Reacting Flows UQ

Uncertainty Quantification in Reacting Flows

Both the structure and parameters of reacting flow models rely on a significant degree of empiricism, or on approximate theoretical analysis, and therefore involve a degree of uncertainty. This is true for constitutive laws, subgrid models, initial/boundary conditions, as well as thermochemical models. In particular, chemical kinetic models for complex fuels typically involve thousands of uncertain Arrhenius rate-expression parameters.

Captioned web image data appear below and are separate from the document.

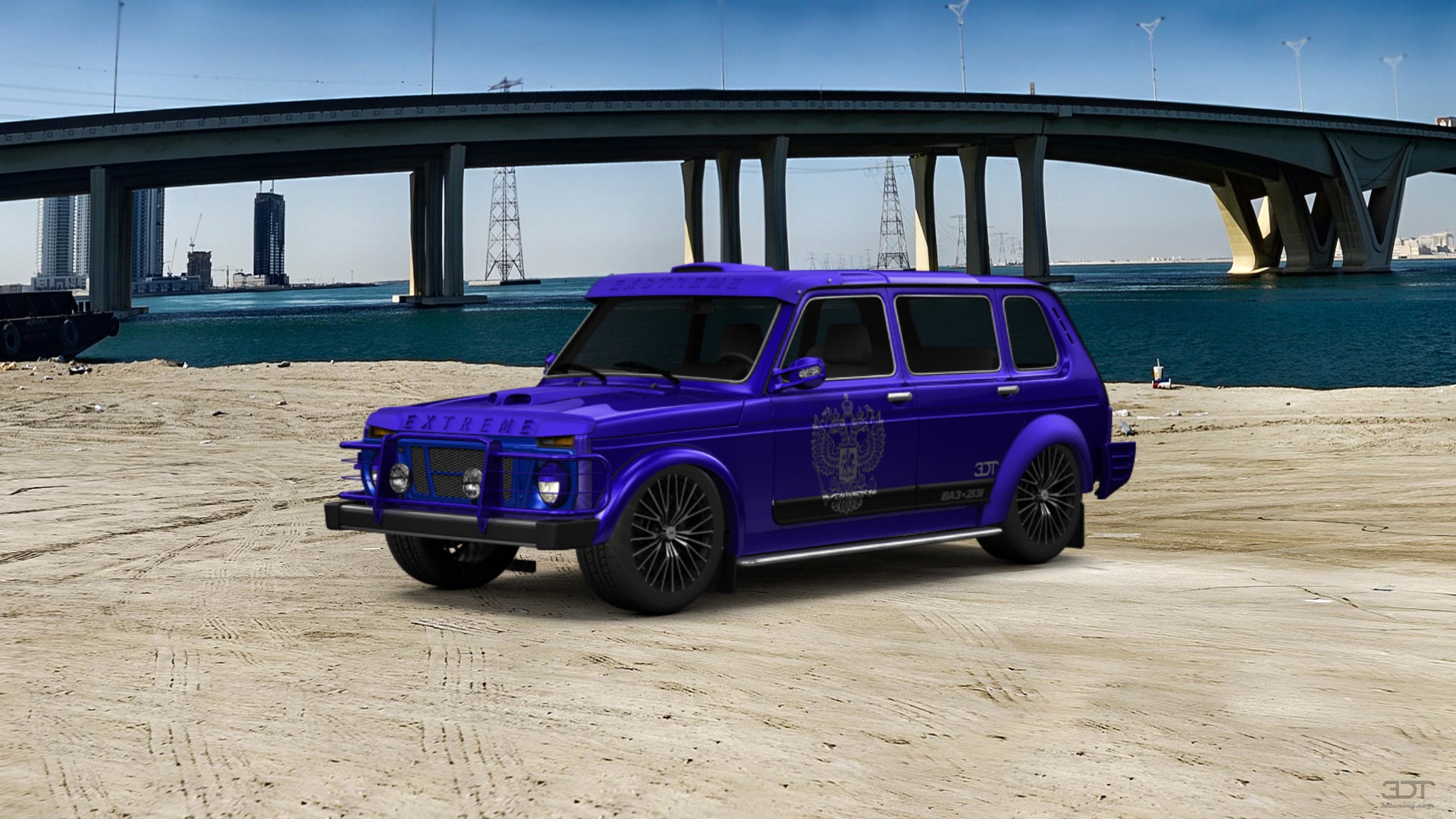 Lada Niva 2131 SUV 2001 tuning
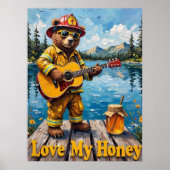 Dockside Dulcet Beer Poster (Voorkant)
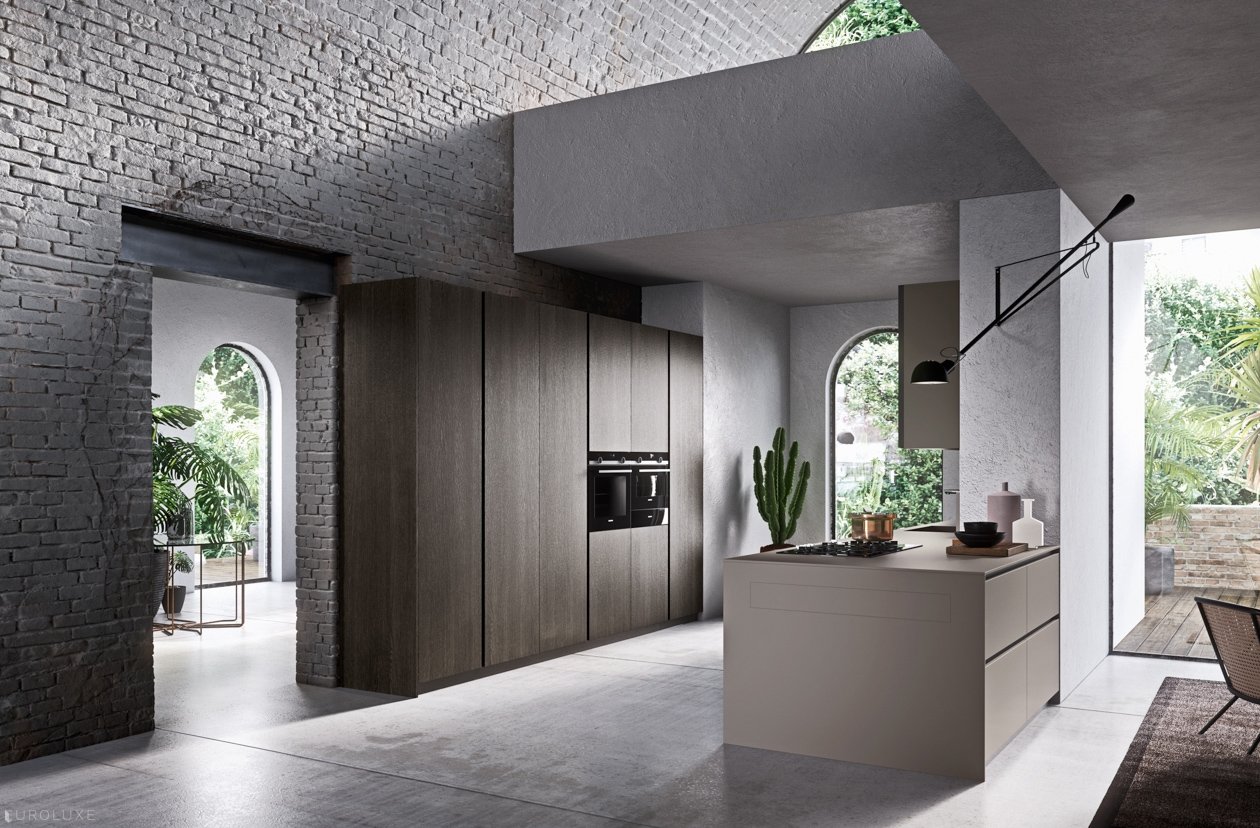 Moka - Moka, Pedini, modern kitchen, european kitchen, modern european kitchen, chicago kitchen cabinets, minimalistic kitchen, italian kitchen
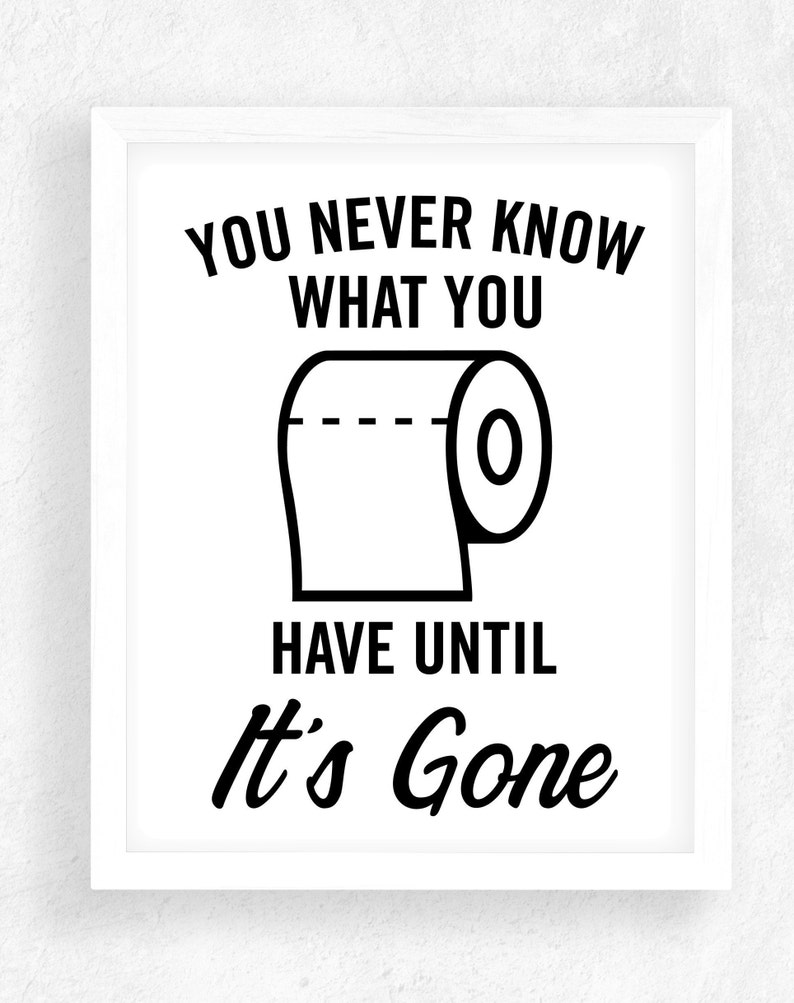 Bathroom Wall Decor / Bathroom Wall Art / Bathroom Prints Etsy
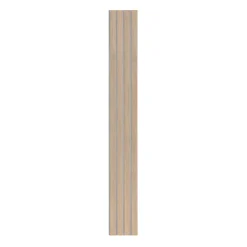 Akustikpanel ^ I-Wood AKUSTIKPANEL NATUR EG 16 X 300 X 2400 MM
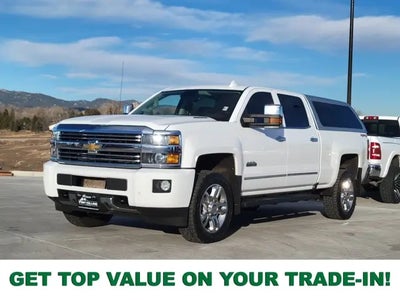 2016 Chevrolet Silverado 2500HD 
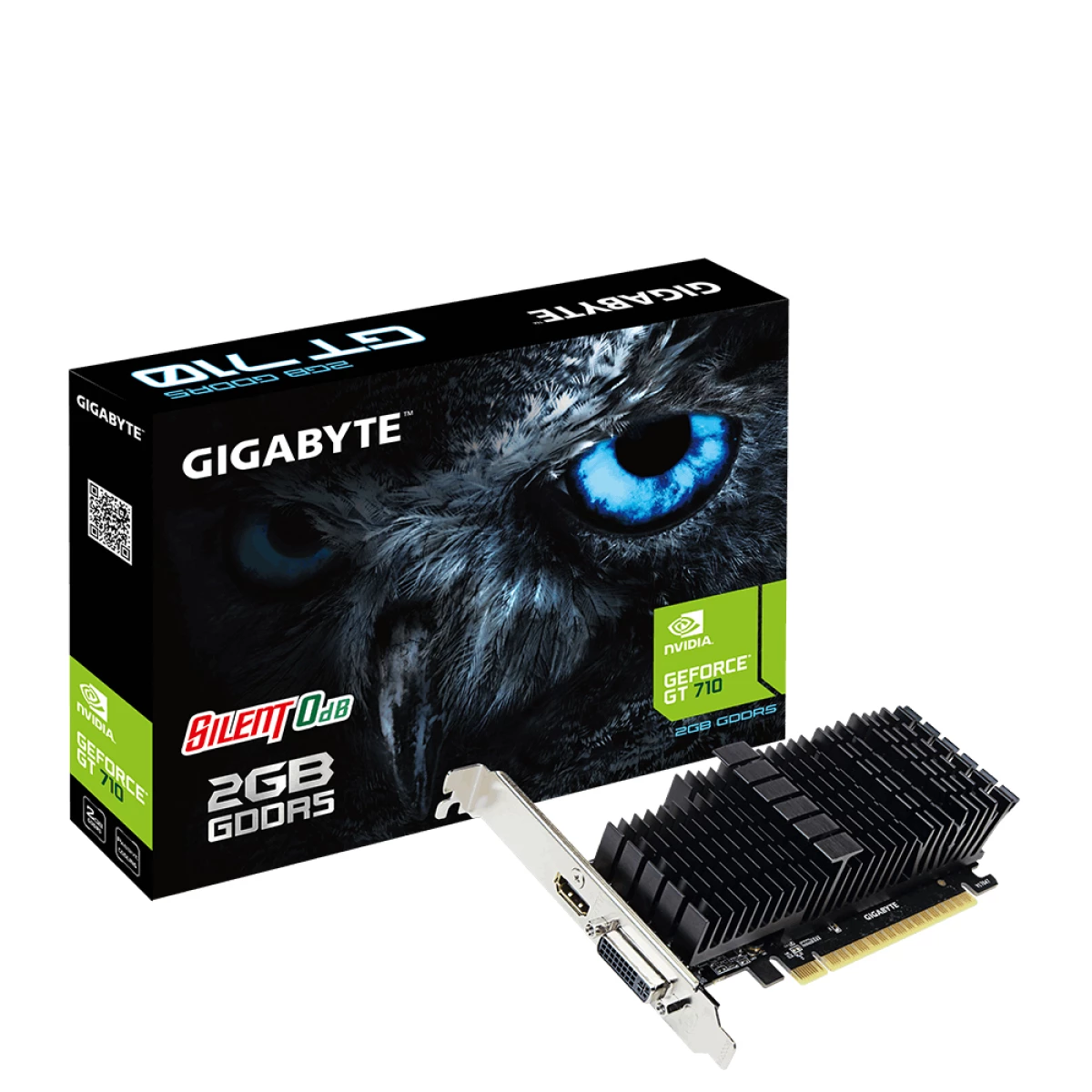 Thumbnail-Gigabyte GV-N710D5SL-2GL NVIDIA GeForce GT 710 2 GB GDDR5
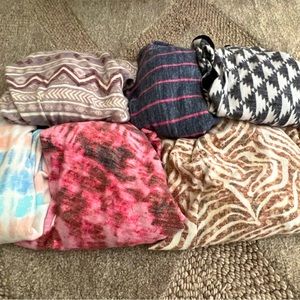 (7) LulaRoe Tracy Cardigans, NWT Sz:Md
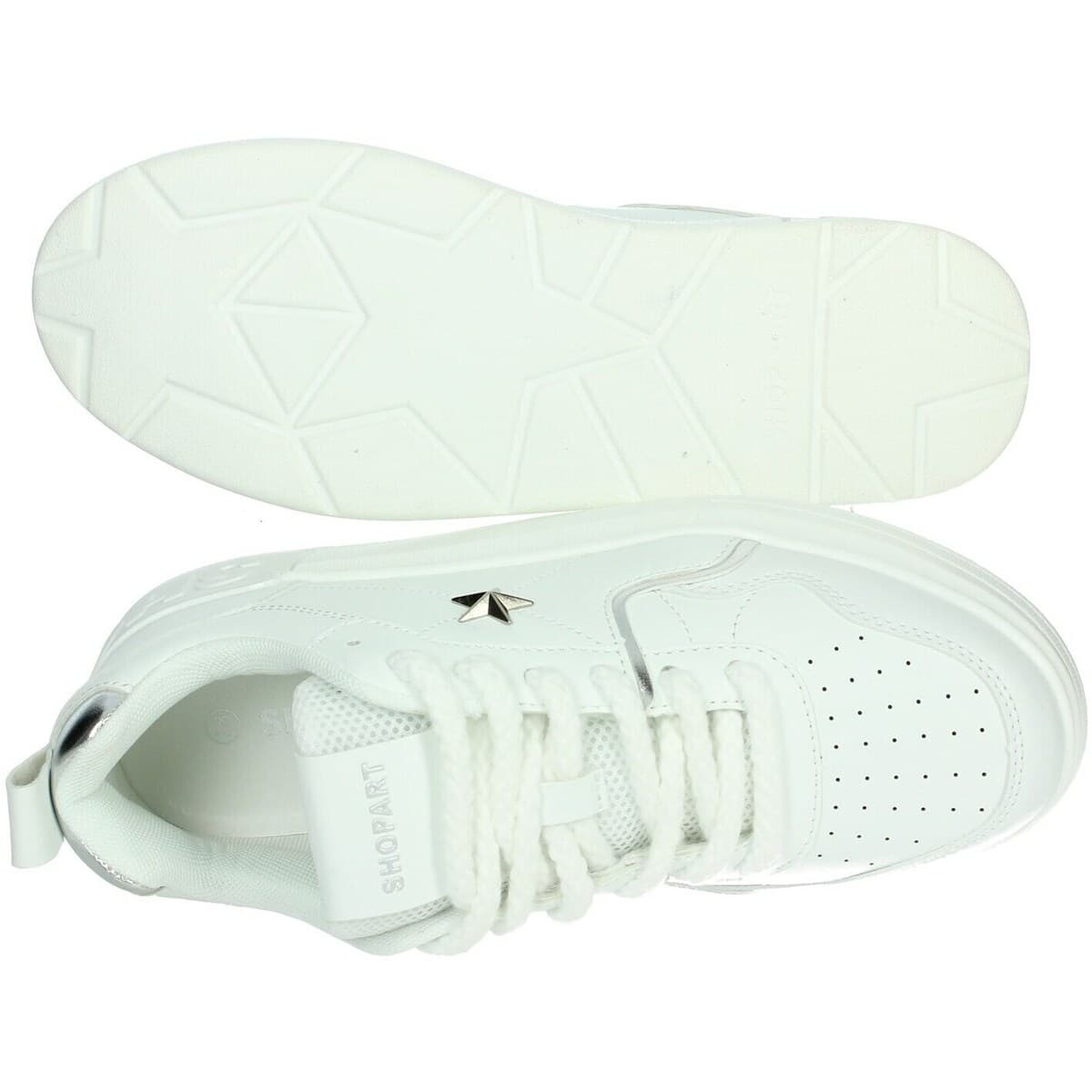 Women's Sneakers Shop Art White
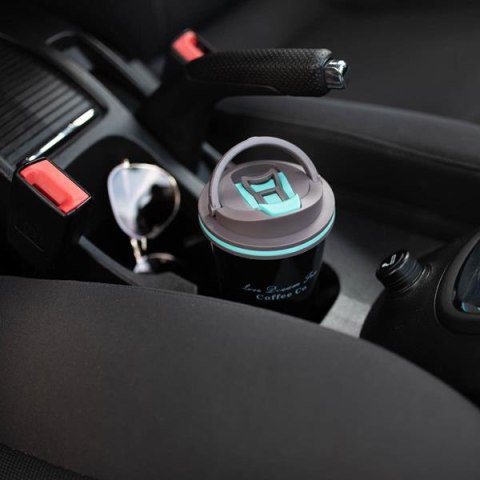 NCB18 CZARNY KUBEK TERMICZNY NILS CAMP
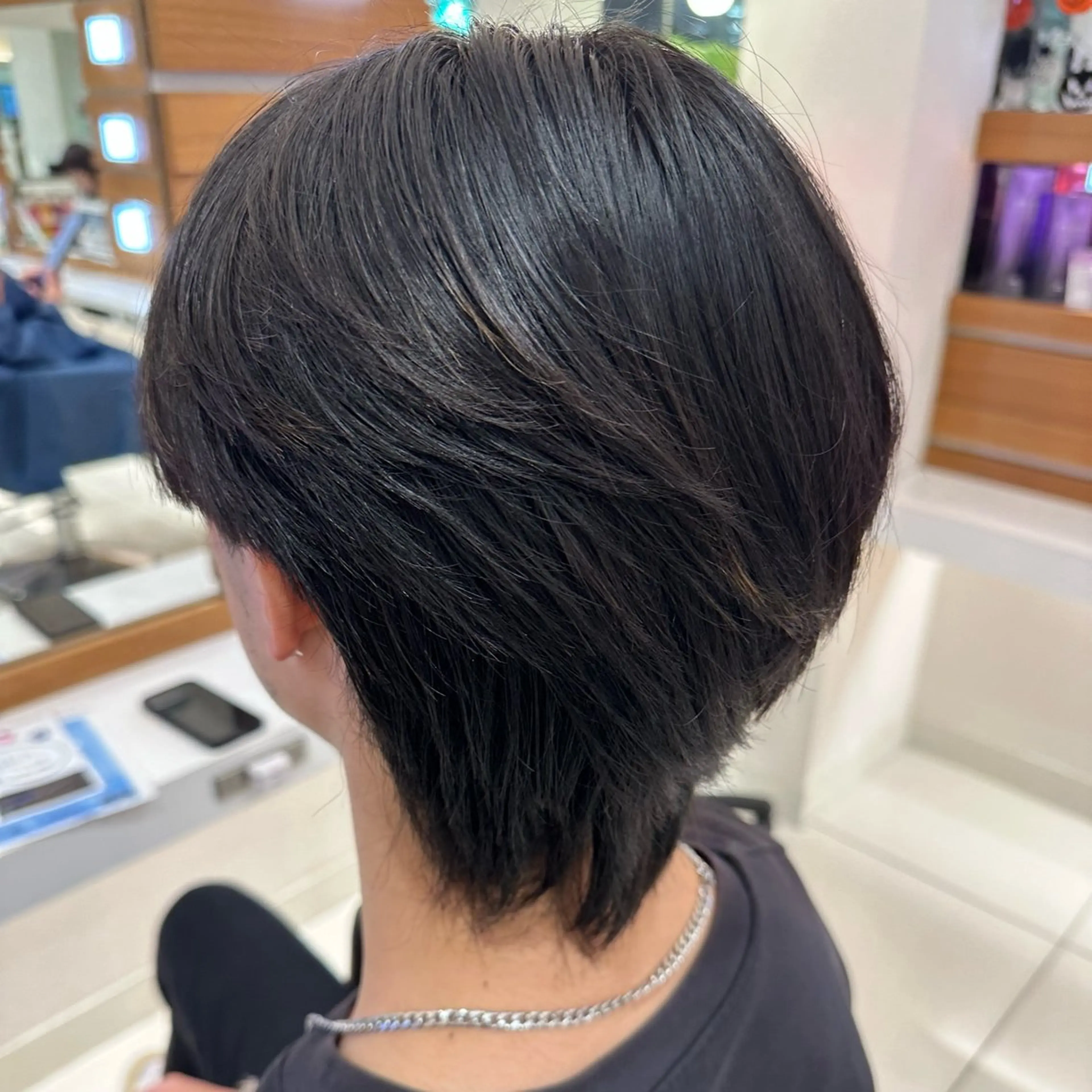 ショート メンズ パーマ/メンズ/ 髪質改善YUKIのヘアスタイル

It is important, both for model validation and design optimization purposes, that these uncertainties be adequately quantified and propagated to model outputs of interest. Sandia’s computational researchers have developed probabilistic algorithms and software tools to estimate uncertainties in model parameters based on measurement data, and to propagate these uncertainties forward through complex chemically reacting flow models. The former relies on Bayesian inference to construct joint posterior probability density functions (PDFs) on model parameters, while the latter relies on polynomial chaos expansions to represent random variables along with both intrusive/nonintrusive means to propagate these expansions forward. Moreover, the use of Bayesian inference strategies has been demonstrated in constructing Arrhenius rate expression parameter PDFs in the absence of data, but using other available information based on prior measurements.

The coupling of advanced uncertainty quantification methods and high-end computational resources enable the extraction of additional information from reacting flow computations that is useful in both scientific and engineering contexts.